> [EXERCISE REQUIREMENTS] Within the listing below, give again exactly the lines between the one containing "la commande" and the one containing "Hourly usage for May 2019", inclusive, pictures left aside.

> [ENTRIES PROVIDED]
------------------------------
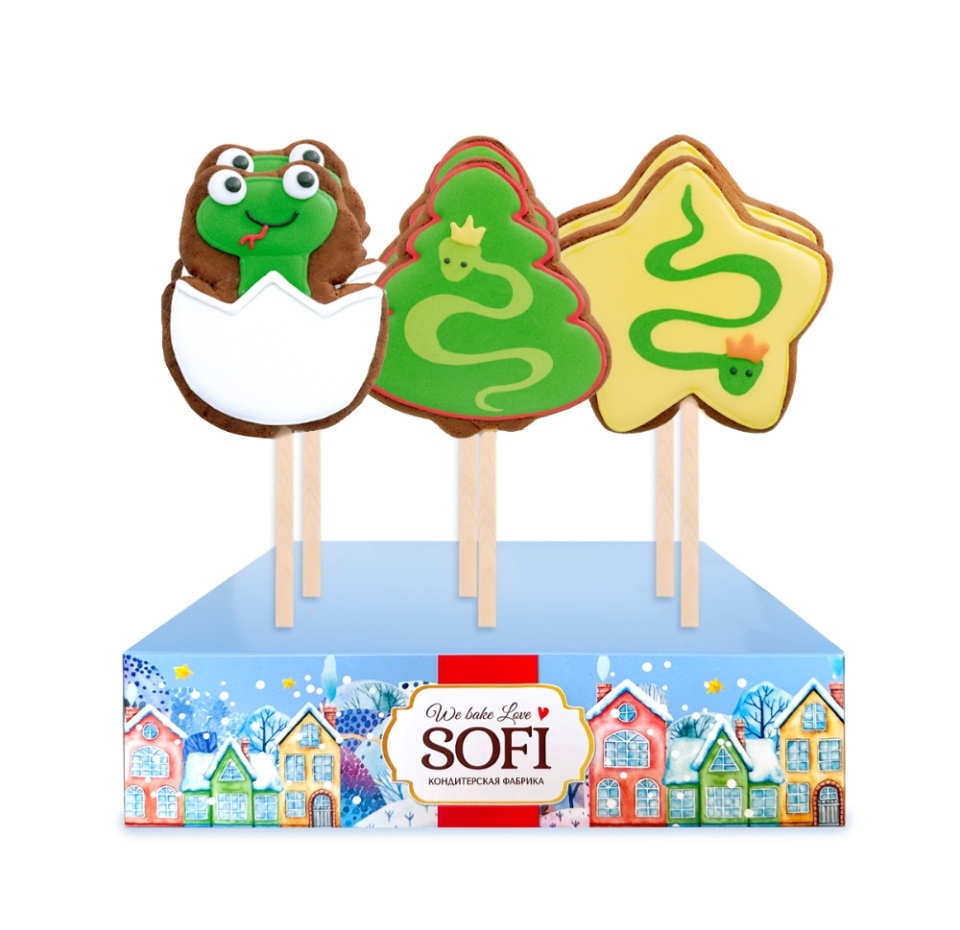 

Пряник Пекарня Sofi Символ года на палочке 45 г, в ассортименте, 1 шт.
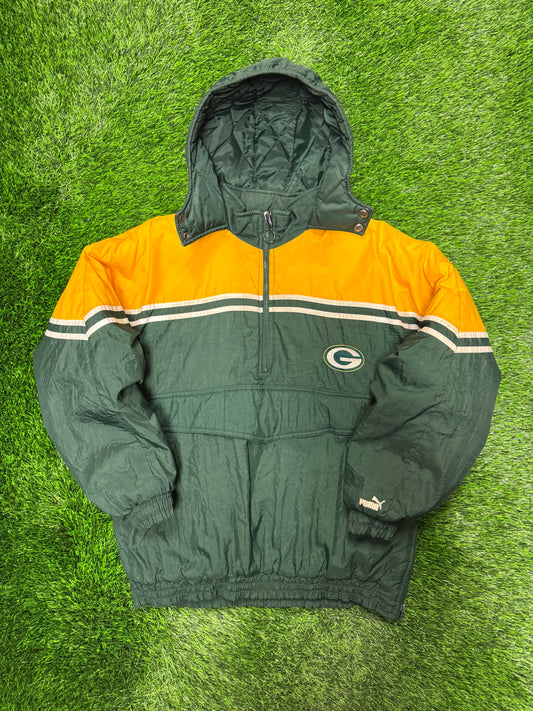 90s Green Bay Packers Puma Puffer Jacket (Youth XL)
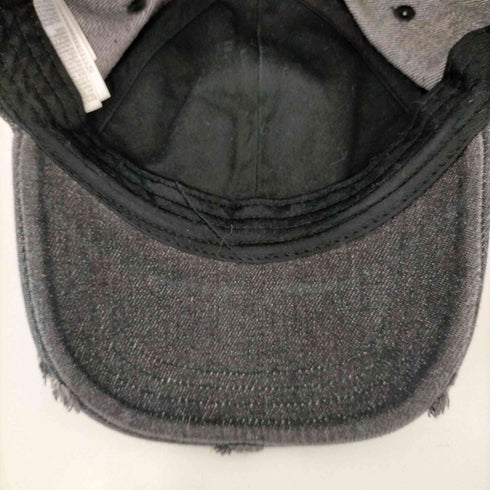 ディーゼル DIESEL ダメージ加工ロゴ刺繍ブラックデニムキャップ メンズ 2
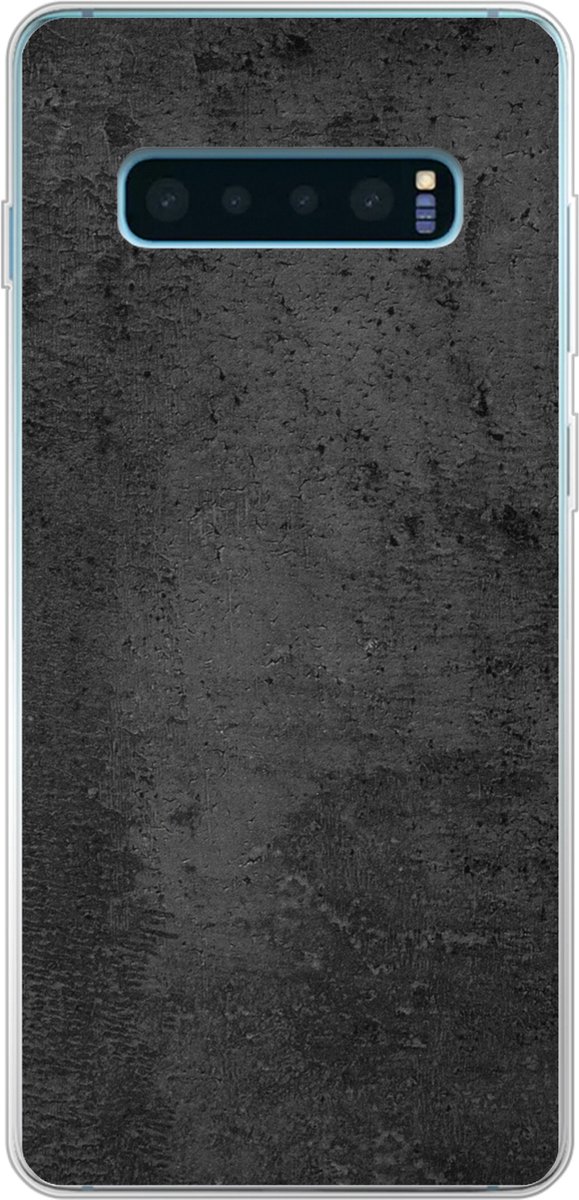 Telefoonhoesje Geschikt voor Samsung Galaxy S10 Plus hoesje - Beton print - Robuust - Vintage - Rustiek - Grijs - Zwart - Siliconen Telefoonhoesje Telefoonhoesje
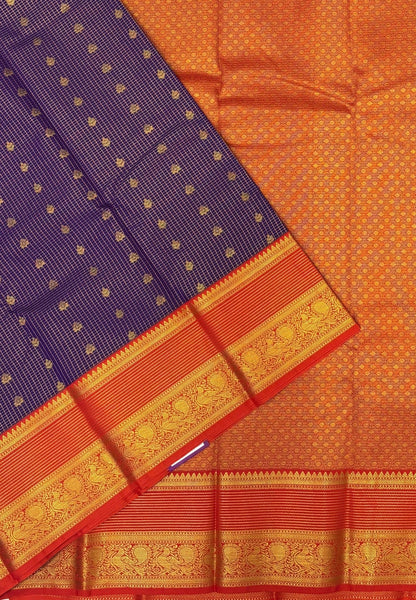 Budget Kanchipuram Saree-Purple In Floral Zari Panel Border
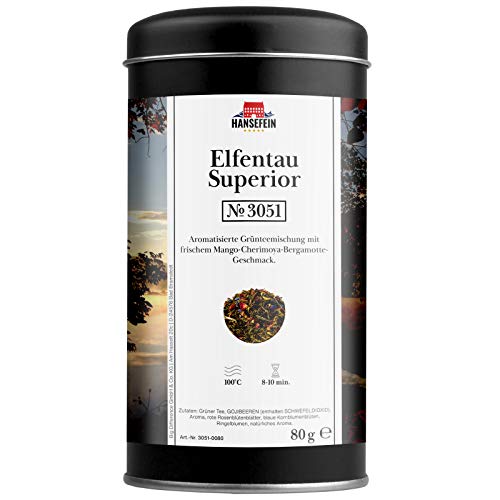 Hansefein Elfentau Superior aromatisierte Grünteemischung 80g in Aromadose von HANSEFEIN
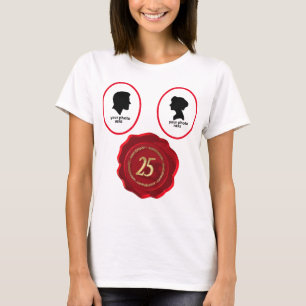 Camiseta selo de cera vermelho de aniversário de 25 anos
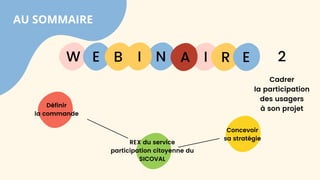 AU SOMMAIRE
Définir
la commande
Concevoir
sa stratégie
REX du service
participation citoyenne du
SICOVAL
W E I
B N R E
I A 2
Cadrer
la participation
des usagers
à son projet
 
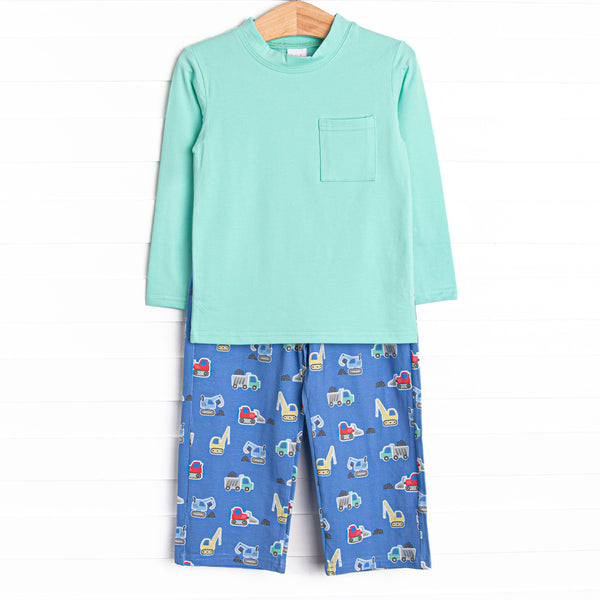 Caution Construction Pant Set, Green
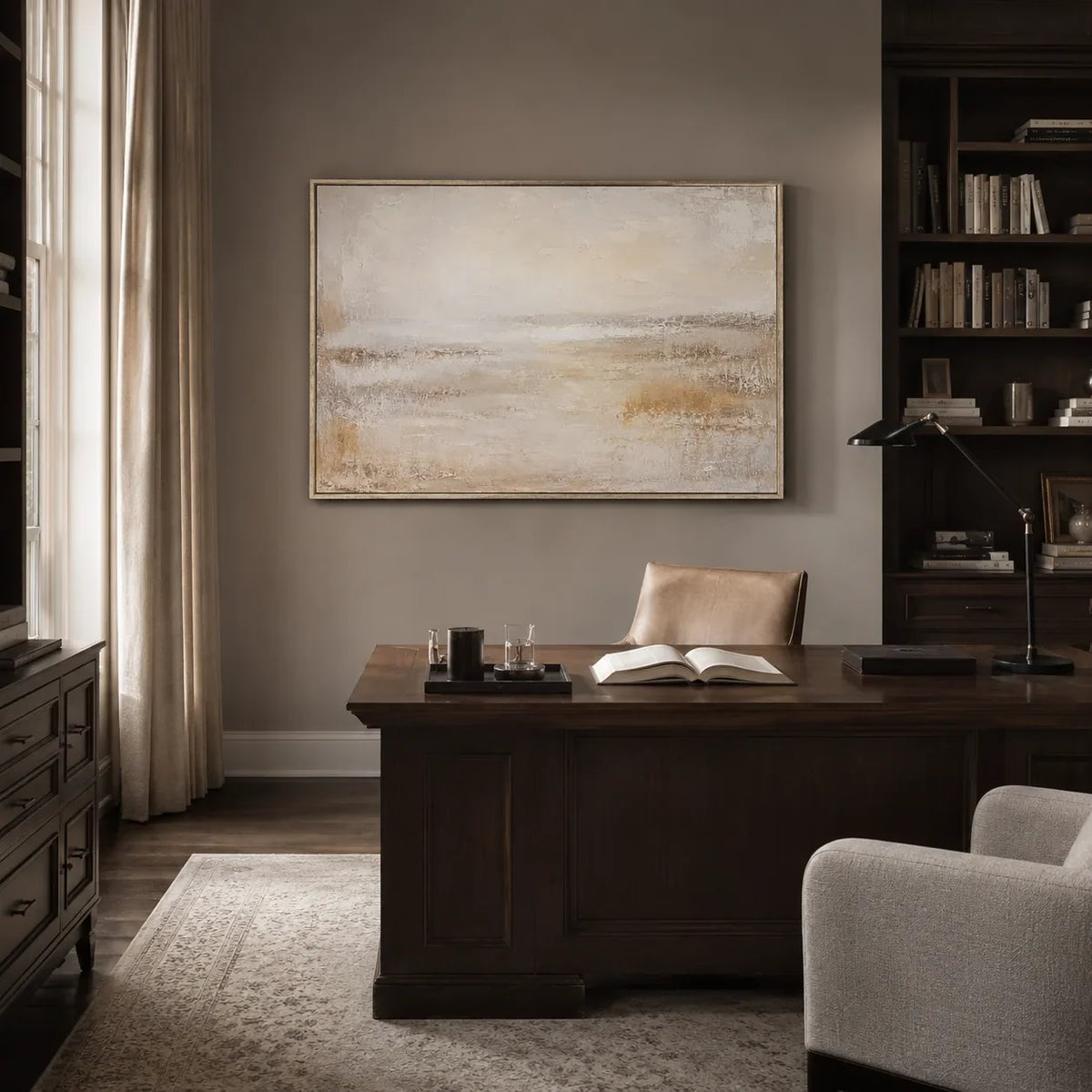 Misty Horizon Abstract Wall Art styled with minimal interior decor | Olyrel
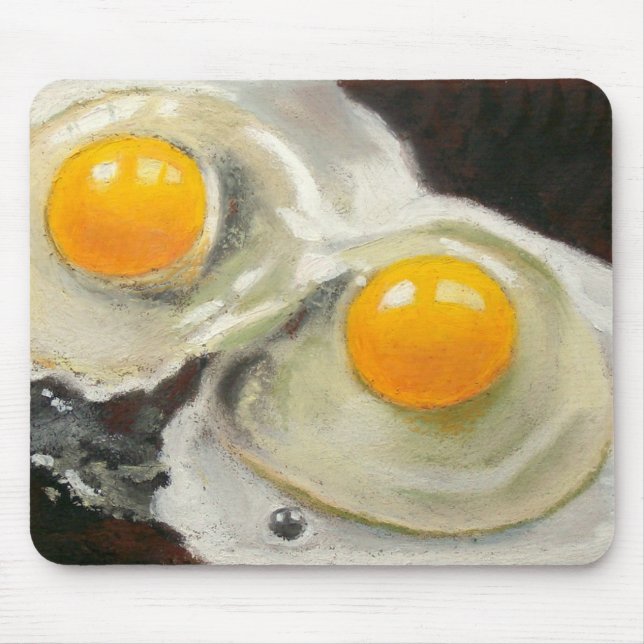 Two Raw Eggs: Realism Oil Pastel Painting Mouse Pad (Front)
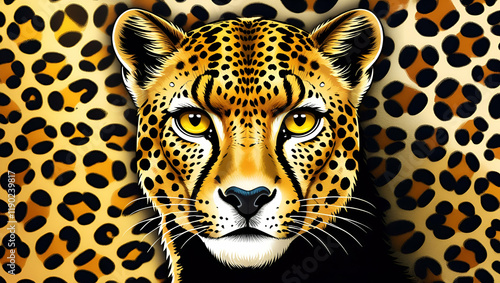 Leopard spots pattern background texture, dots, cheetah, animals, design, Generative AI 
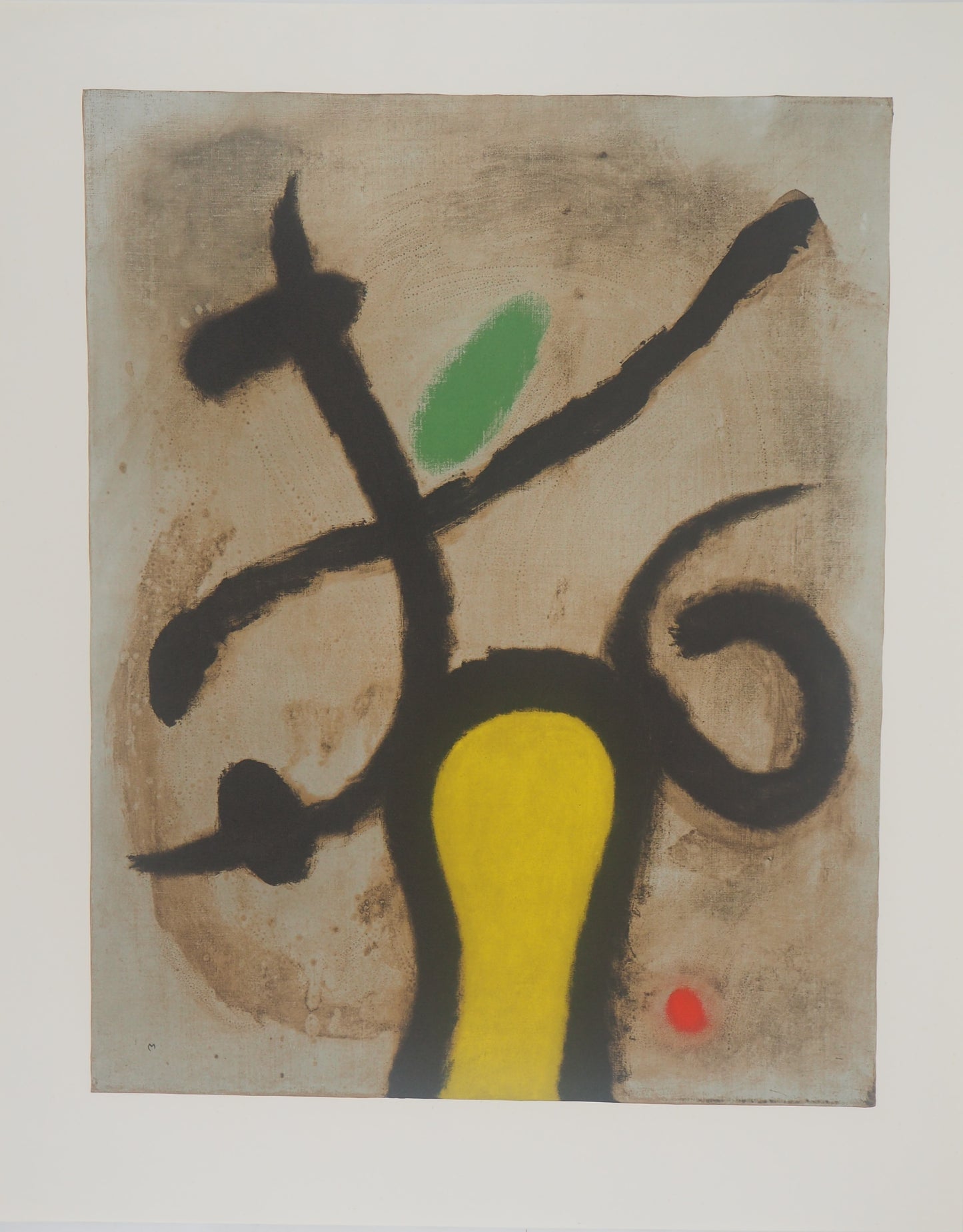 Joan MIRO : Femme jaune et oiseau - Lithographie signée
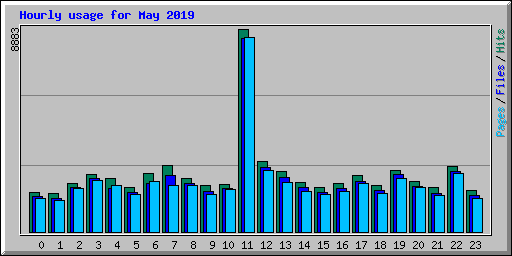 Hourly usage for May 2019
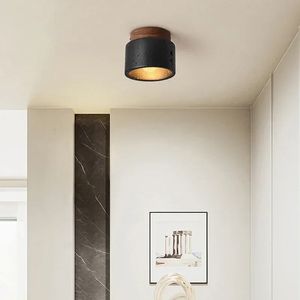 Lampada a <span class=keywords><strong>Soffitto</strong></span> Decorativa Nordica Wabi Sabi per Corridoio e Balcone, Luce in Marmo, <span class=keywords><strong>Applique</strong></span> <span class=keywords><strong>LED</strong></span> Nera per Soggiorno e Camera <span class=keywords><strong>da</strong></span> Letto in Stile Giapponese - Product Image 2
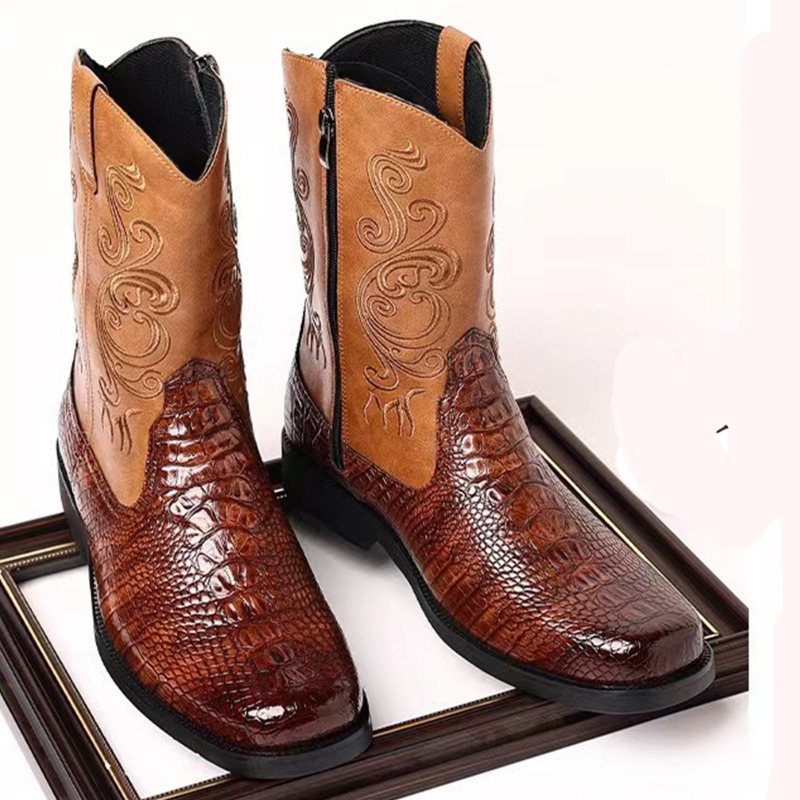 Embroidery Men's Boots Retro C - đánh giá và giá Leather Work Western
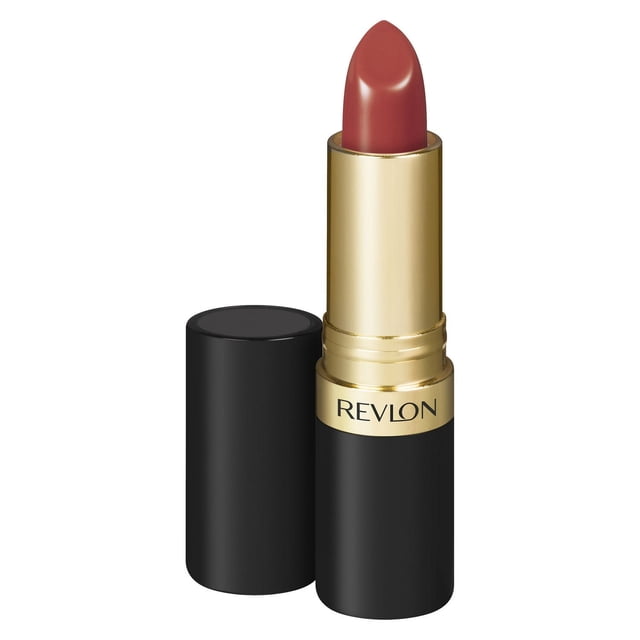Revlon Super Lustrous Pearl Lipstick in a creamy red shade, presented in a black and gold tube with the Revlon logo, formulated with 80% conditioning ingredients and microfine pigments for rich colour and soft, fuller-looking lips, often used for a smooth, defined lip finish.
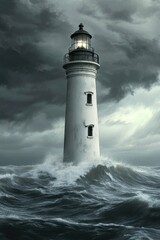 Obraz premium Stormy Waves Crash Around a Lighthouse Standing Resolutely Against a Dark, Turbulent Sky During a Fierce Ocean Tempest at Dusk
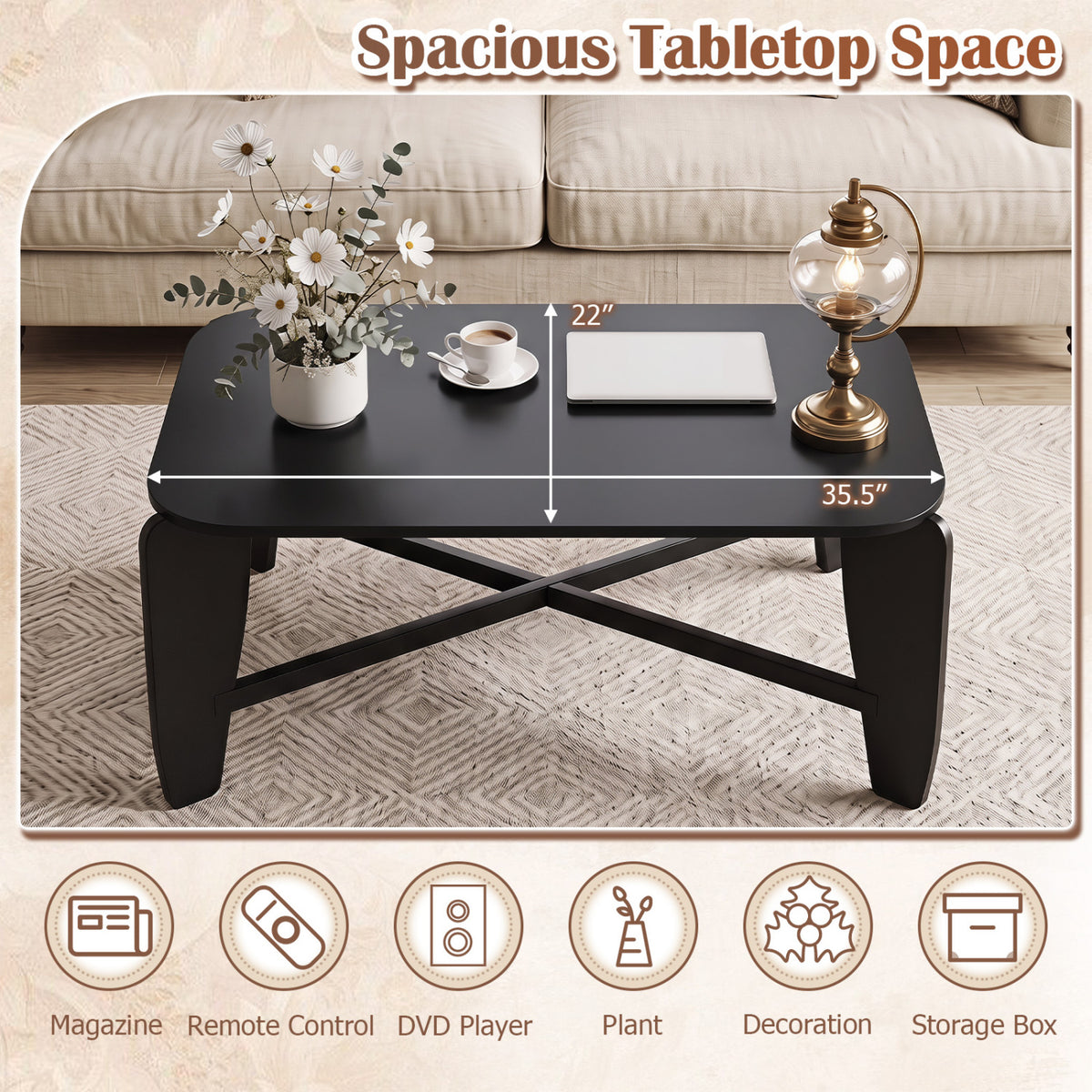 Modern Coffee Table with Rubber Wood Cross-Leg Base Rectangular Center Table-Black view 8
------------------------------
> [ANSWER BOX]
la commande
Concevoir
sa stratégie
REX du service
participation citoyenne du
SICOVAL
W E I
B N R E
I A 2
Cadrer
la participation
des usagers
à son projet
 
 Caution Construction Pant Set, Green
 Misty Horizon Abstract Wall Art styled with minimal interior decor | Olyrel
 Two Raw Eggs: Realism Oil Pastel Painting Mouse Pad (Front)
 Leopard spots pattern background texture, dots, cheetah, animals, design, Generative AI 
 Joan MIRO : Femme jaune et oiseau - Lithographie signée
 Hourly usage for May 2019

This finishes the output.